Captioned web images
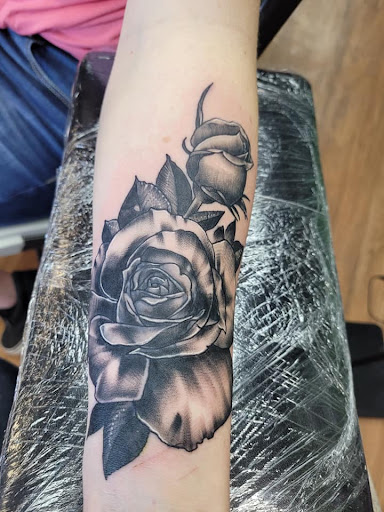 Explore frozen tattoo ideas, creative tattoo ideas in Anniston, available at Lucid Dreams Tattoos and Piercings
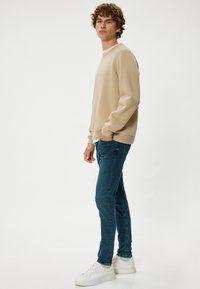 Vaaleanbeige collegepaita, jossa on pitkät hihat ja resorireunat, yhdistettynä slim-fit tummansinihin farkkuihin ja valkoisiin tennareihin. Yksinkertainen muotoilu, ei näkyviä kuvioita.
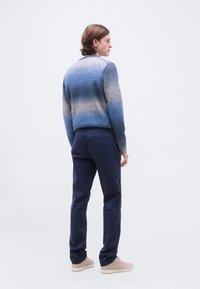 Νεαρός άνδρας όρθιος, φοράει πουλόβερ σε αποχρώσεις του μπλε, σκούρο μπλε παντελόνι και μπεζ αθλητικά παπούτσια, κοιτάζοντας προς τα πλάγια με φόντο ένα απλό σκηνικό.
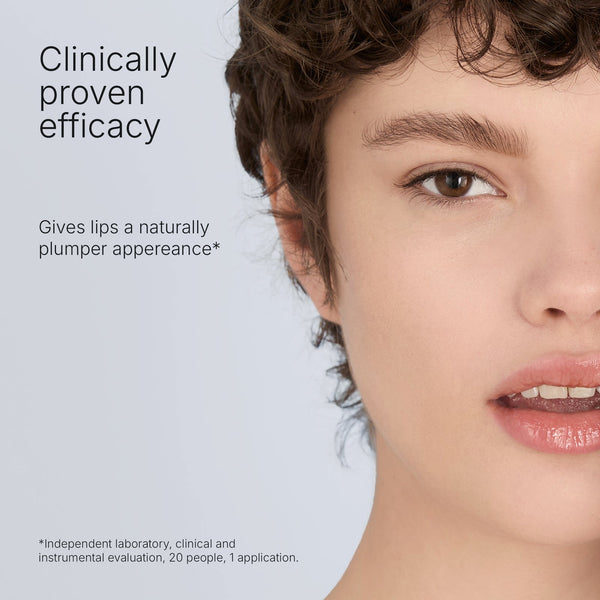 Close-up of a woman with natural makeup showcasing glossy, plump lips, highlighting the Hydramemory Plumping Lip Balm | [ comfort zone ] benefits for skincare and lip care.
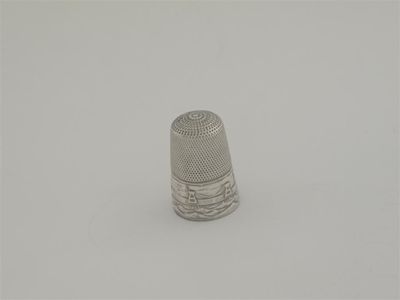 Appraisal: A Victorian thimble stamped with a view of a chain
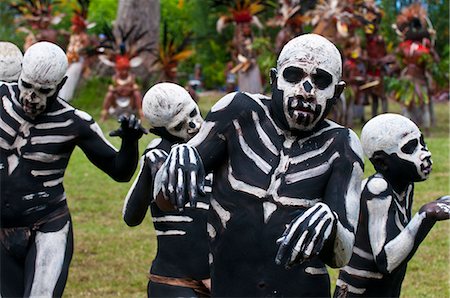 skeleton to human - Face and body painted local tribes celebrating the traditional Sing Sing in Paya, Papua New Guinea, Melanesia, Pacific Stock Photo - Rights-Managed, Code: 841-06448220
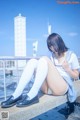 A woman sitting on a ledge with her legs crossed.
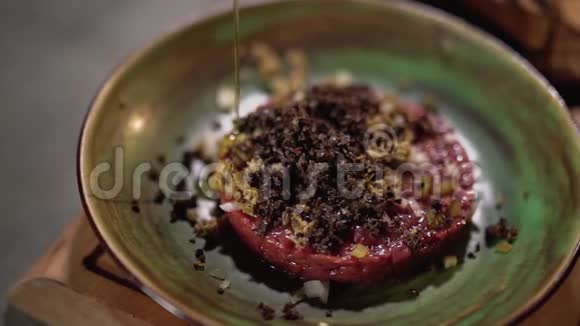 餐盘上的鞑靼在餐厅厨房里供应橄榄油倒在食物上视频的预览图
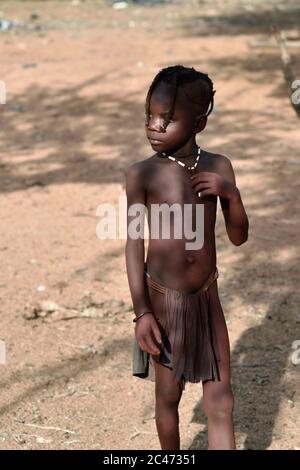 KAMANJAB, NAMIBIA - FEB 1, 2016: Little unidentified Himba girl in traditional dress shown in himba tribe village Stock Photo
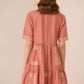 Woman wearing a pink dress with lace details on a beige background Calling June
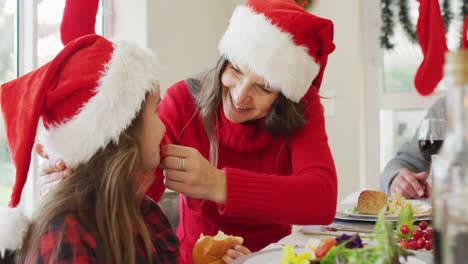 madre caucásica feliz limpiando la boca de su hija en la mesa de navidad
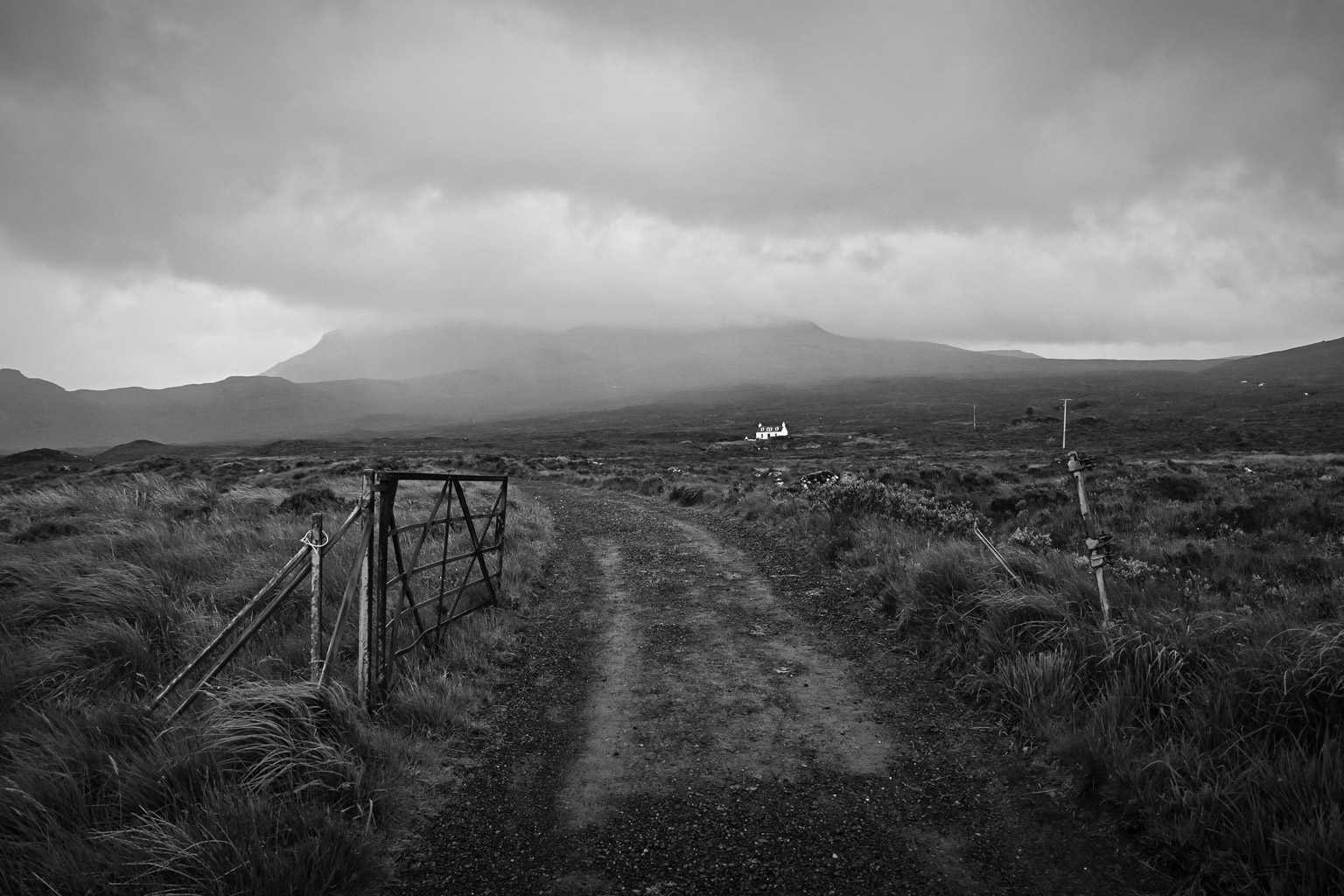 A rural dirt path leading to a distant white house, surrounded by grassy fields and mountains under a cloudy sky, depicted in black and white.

**ACTIVITY**
Copy only this, please: the line with "Woman wearing a" and every line after it through the end of the data, with no pictures.

**THE COMPLETED TASK**
 Woman wearing a pink dress with lace details on a beige background Calling June
 madre caucásica feliz limpiando la boca de su hija en la mesa de navidad
 A rural dirt path leading to a distant white house, surrounded by grassy fields and mountains under a cloudy sky, depicted in black and white.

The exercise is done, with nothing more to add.